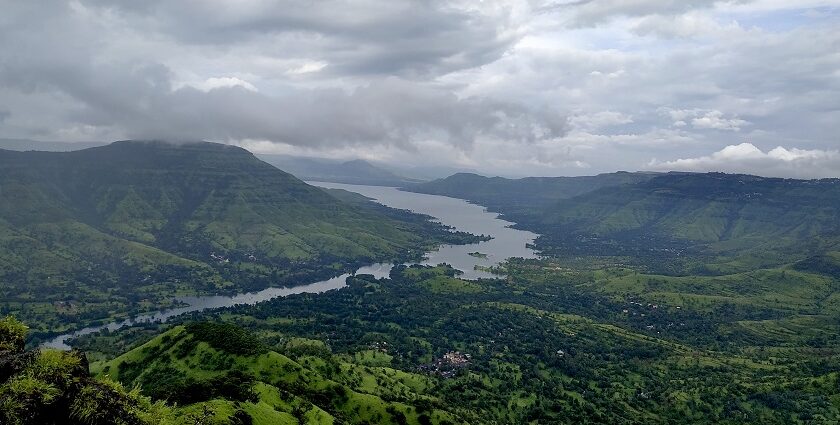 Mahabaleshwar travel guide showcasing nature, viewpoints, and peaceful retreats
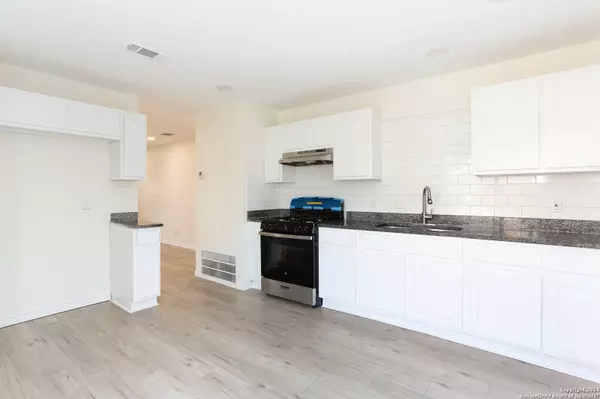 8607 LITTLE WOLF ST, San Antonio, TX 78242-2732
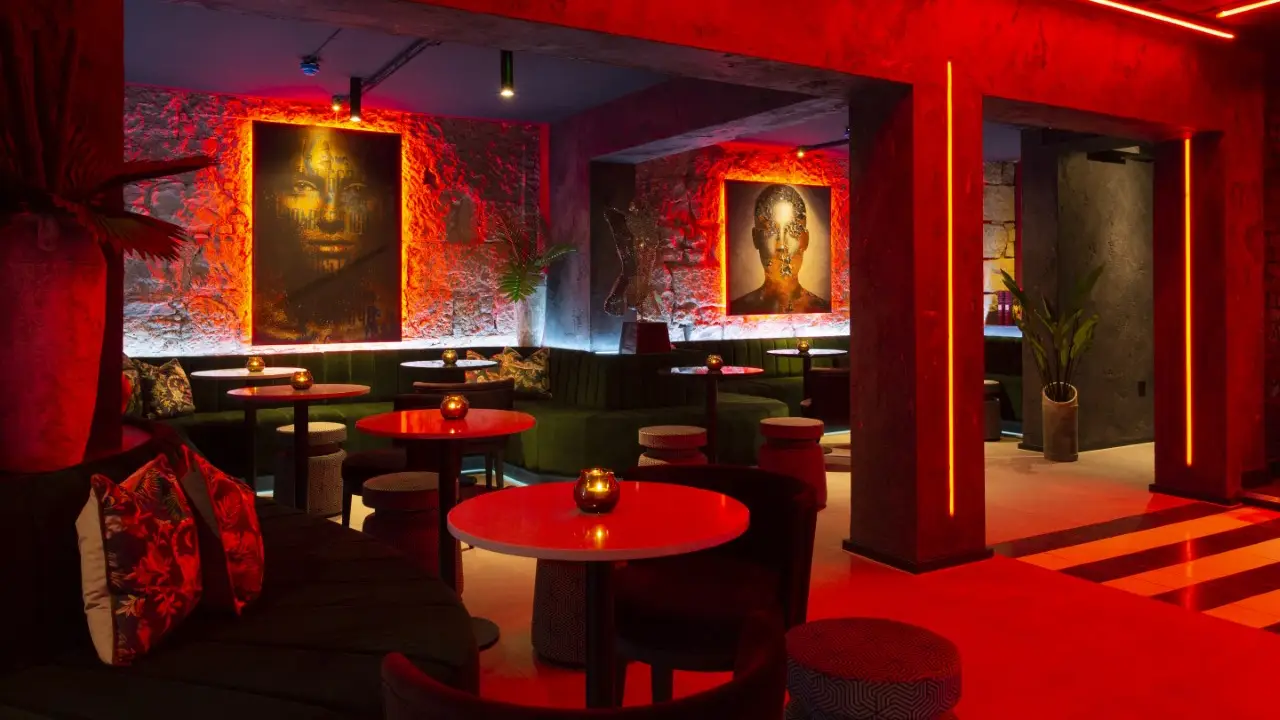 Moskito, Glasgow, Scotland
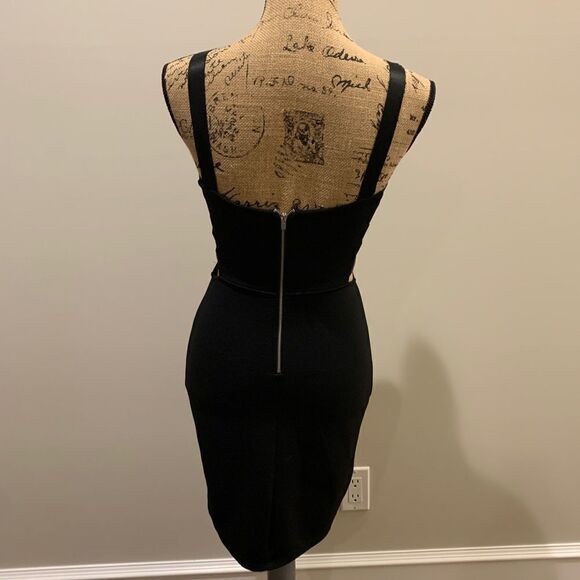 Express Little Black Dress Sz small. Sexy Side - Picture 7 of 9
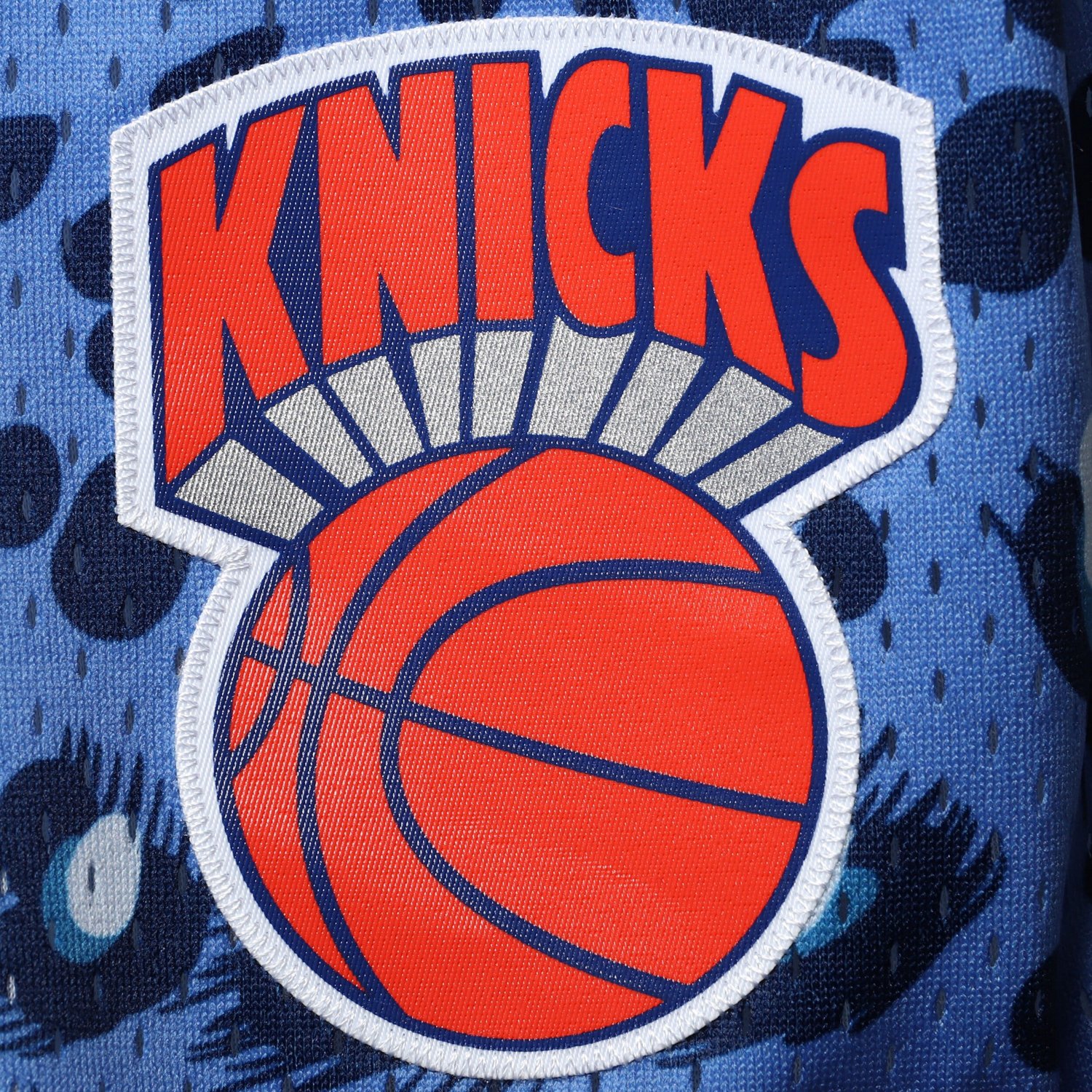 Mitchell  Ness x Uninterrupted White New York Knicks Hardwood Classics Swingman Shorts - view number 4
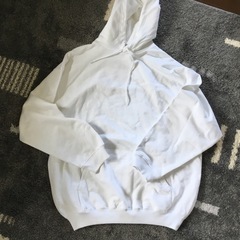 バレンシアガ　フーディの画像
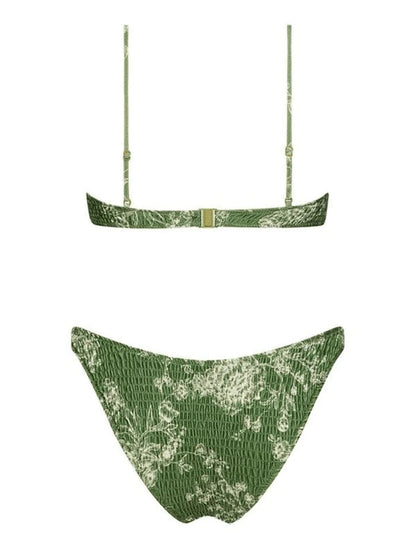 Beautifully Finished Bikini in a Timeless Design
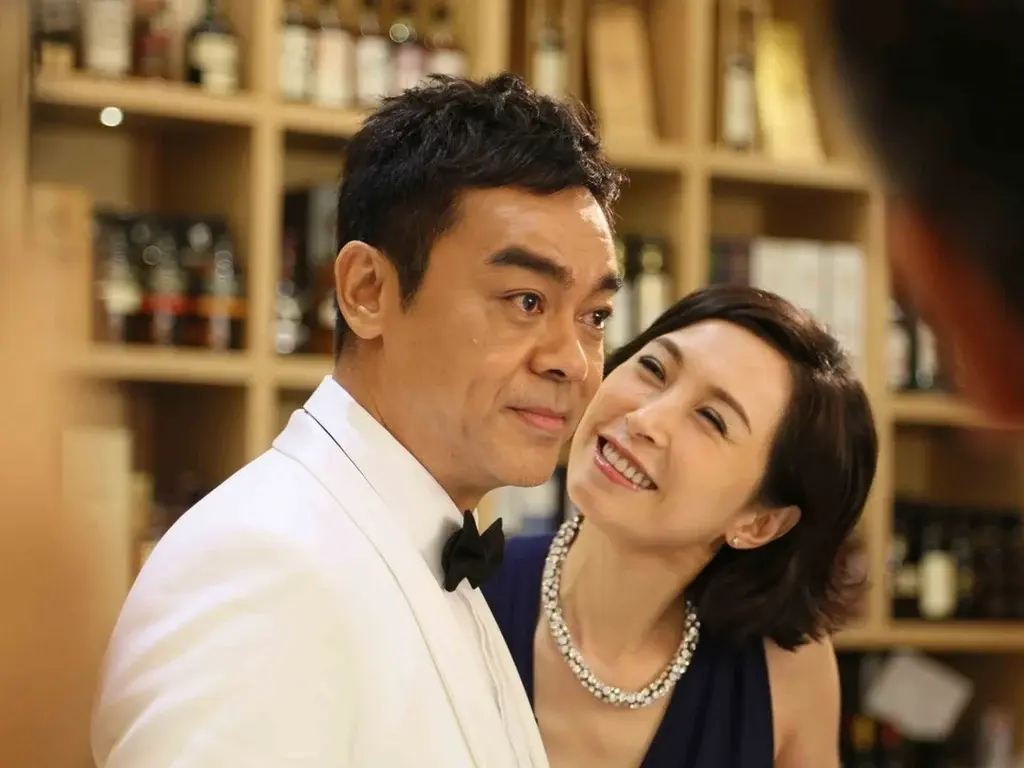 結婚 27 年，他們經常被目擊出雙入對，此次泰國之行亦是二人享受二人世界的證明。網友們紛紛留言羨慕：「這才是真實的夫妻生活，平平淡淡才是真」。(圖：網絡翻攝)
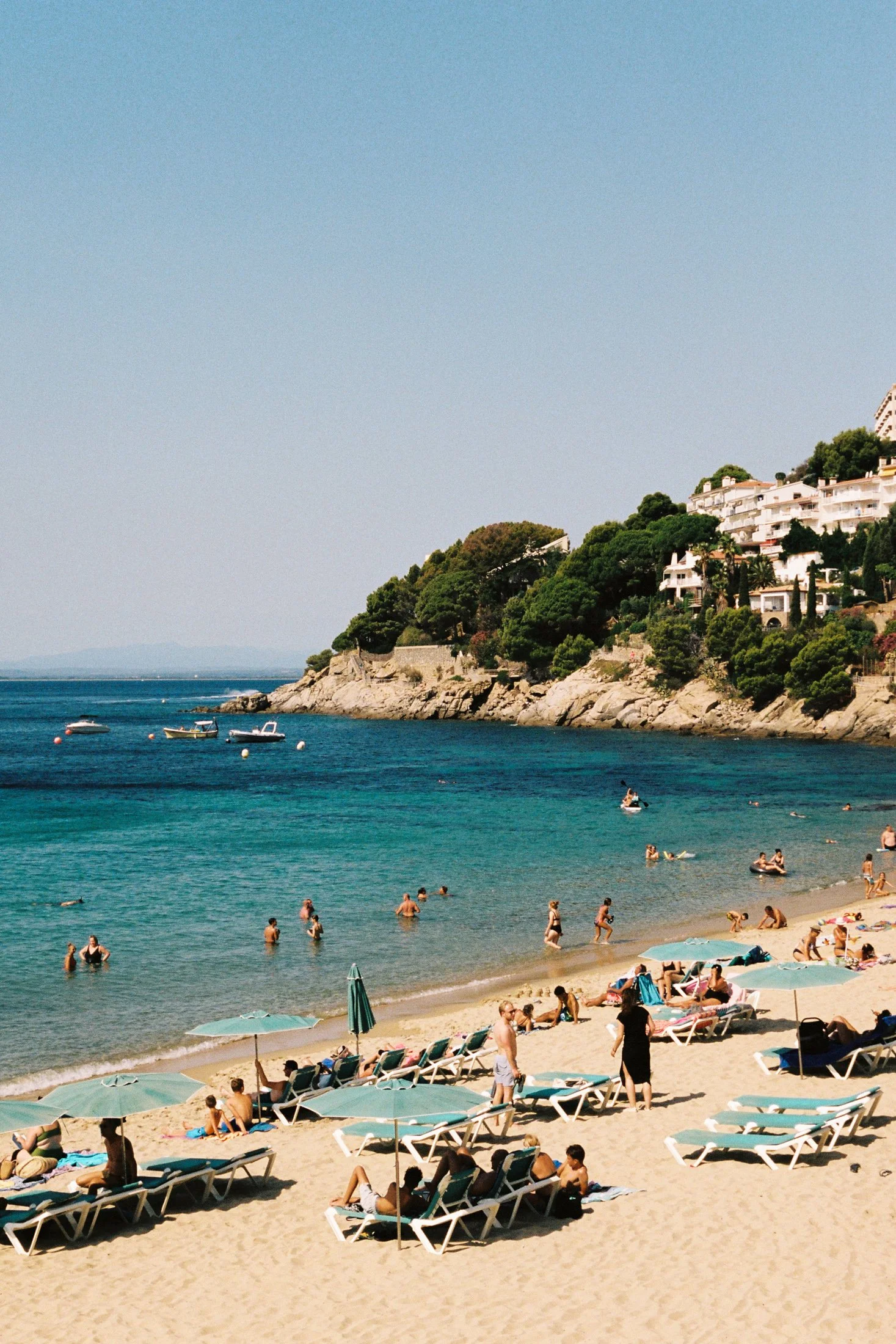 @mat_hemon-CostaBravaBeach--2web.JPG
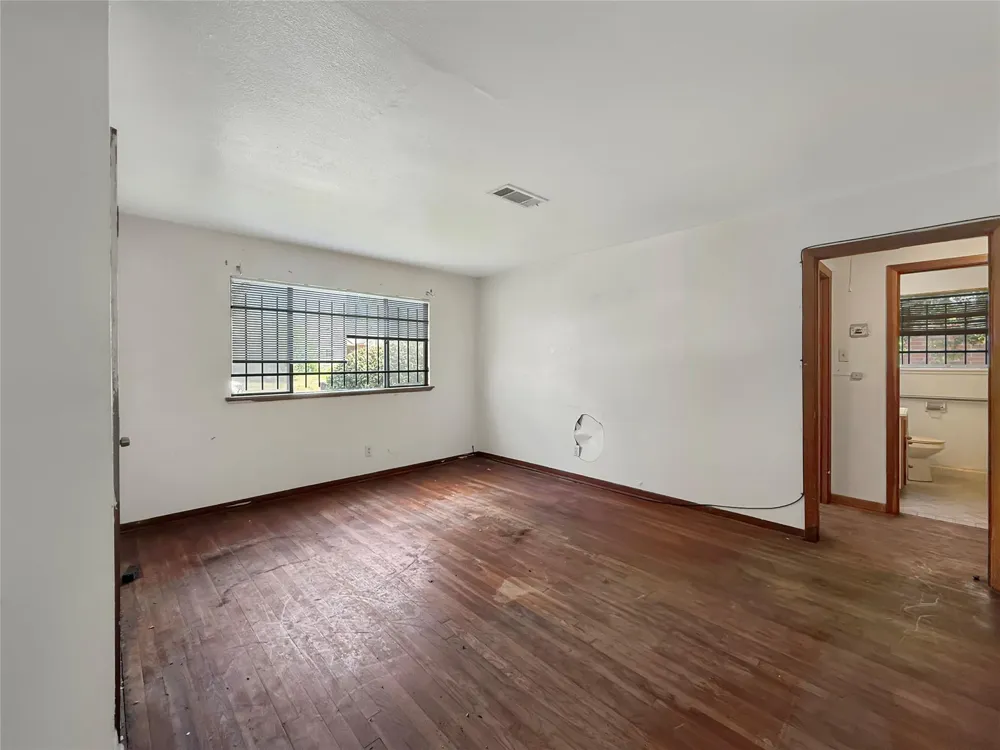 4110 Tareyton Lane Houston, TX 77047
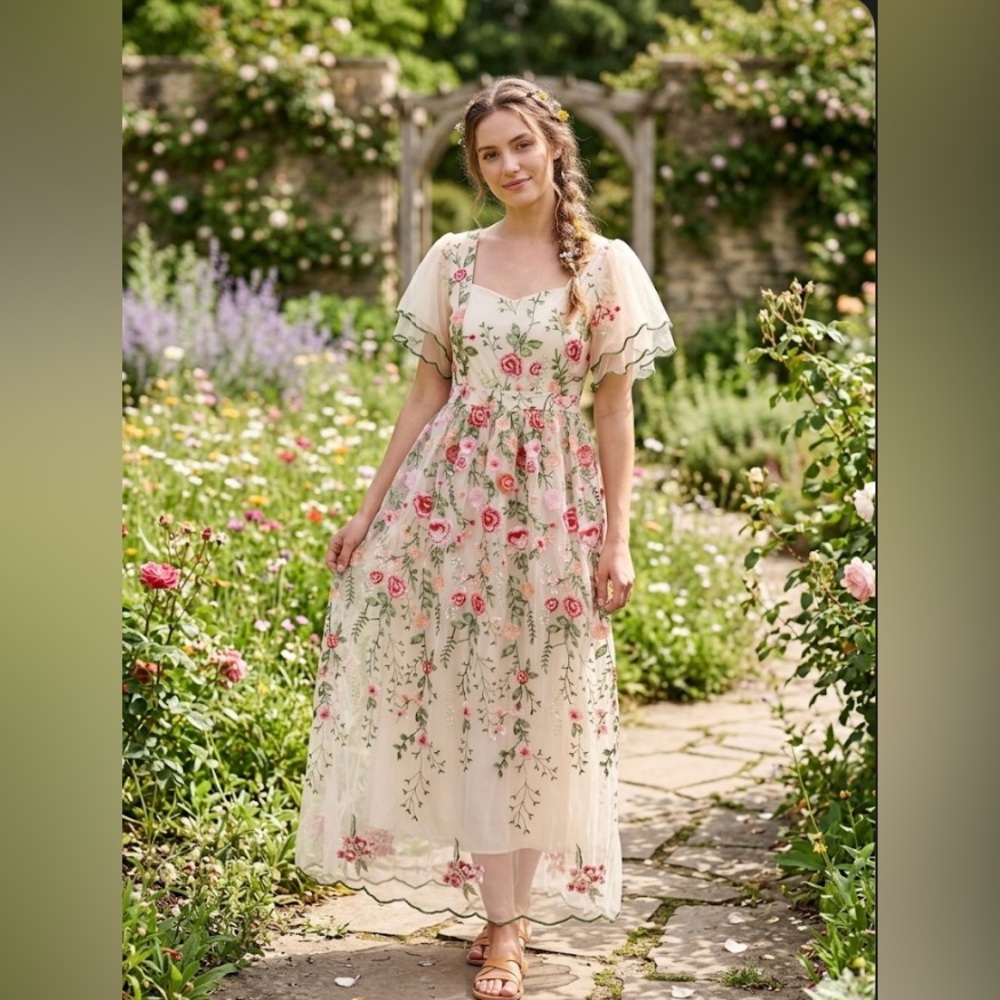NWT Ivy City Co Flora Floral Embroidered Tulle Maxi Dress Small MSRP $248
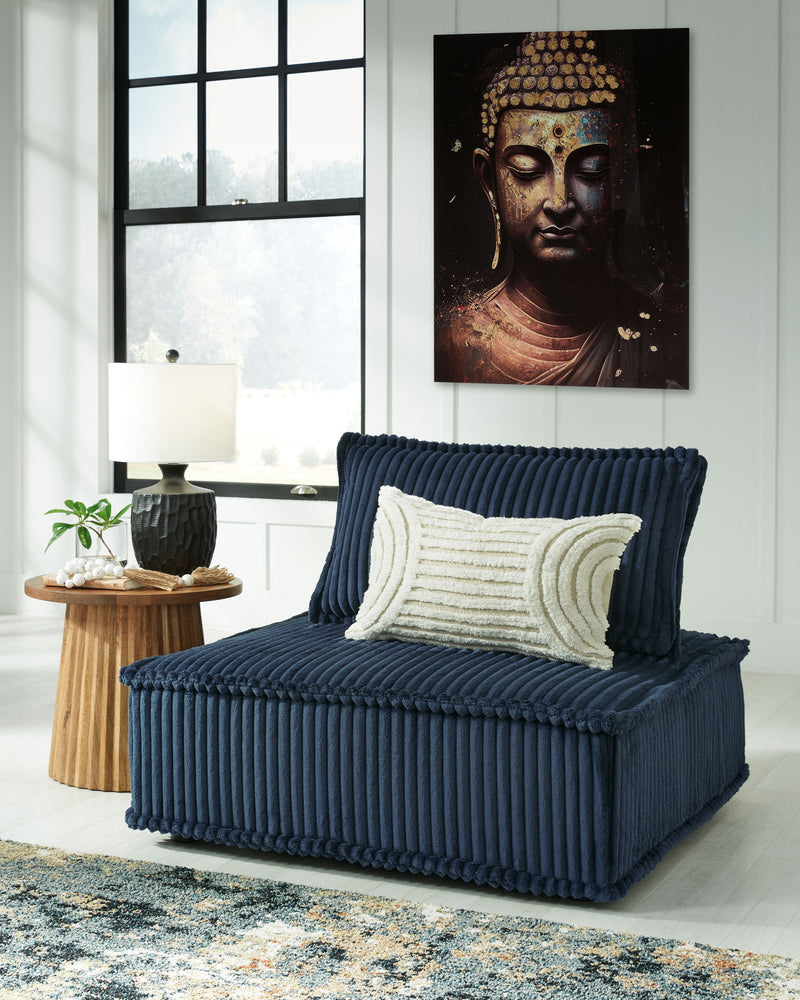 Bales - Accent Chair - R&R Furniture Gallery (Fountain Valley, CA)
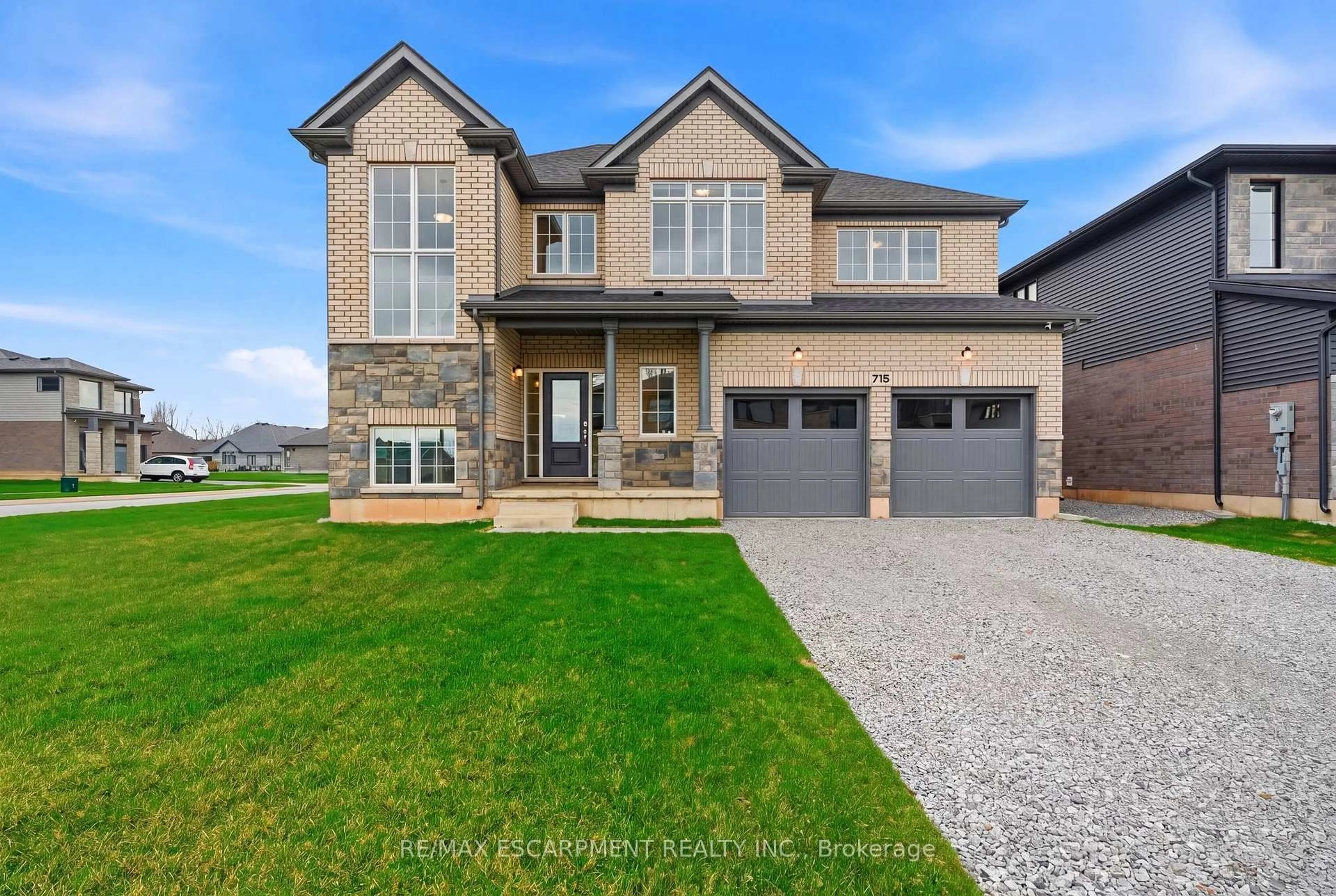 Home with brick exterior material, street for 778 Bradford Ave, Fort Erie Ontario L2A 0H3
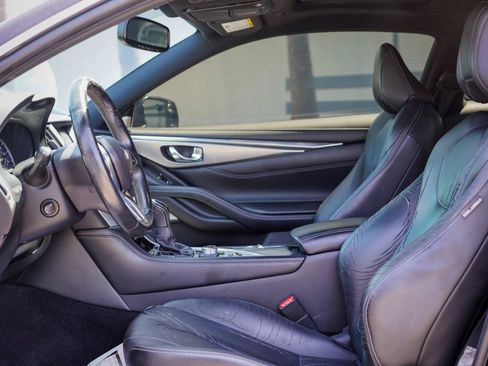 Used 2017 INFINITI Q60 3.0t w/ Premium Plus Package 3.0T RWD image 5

□ □ □ □ □ □ □

**REQUIREMENT:**
Images must not appear in the copy; reproduce everything else in the records verbatim.

**RESPONSE TO THIS TASK:**
 Mahabaleshwar travel guide showcasing nature, viewpoints, and peaceful retreats
 8607 LITTLE WOLF ST, San Antonio, TX 78242-2732
 Moskito, Glasgow, Scotland
 Express Little Black Dress Sz small. Sexy Side - Picture 7 of 9
 Mitchell  Ness x Uninterrupted White New York Knicks Hardwood Classics Swingman Shorts - view number 4
 バレンシアガ　フーディの画像
 Beautifully Finished Bikini in a Timeless Design
 結婚 27 年，他們經常被目擊出雙入對，此次泰國之行亦是二人享受二人世界的證明。網友們紛紛留言羨慕：「這才是真實的夫妻生活，平平淡淡才是真」。(圖：網絡翻攝)
 @mat_hemon-CostaBravaBeach--2web.JPG
 4110 Tareyton Lane Houston, TX 77047
NWT Ivy City Co Flora Floral Embroidered Tulle Maxi Dress Small MSRP $248
 Bales - Accent Chair - R&R Furniture Gallery (Fountain Valley, CA)
 Home with brick exterior material, street for 778 Bradford Ave, Fort Erie Ontario L2A 0H3
 Used 2017 INFINITI Q60 3.0t w/ Premium Plus Package 3.0T RWD image 5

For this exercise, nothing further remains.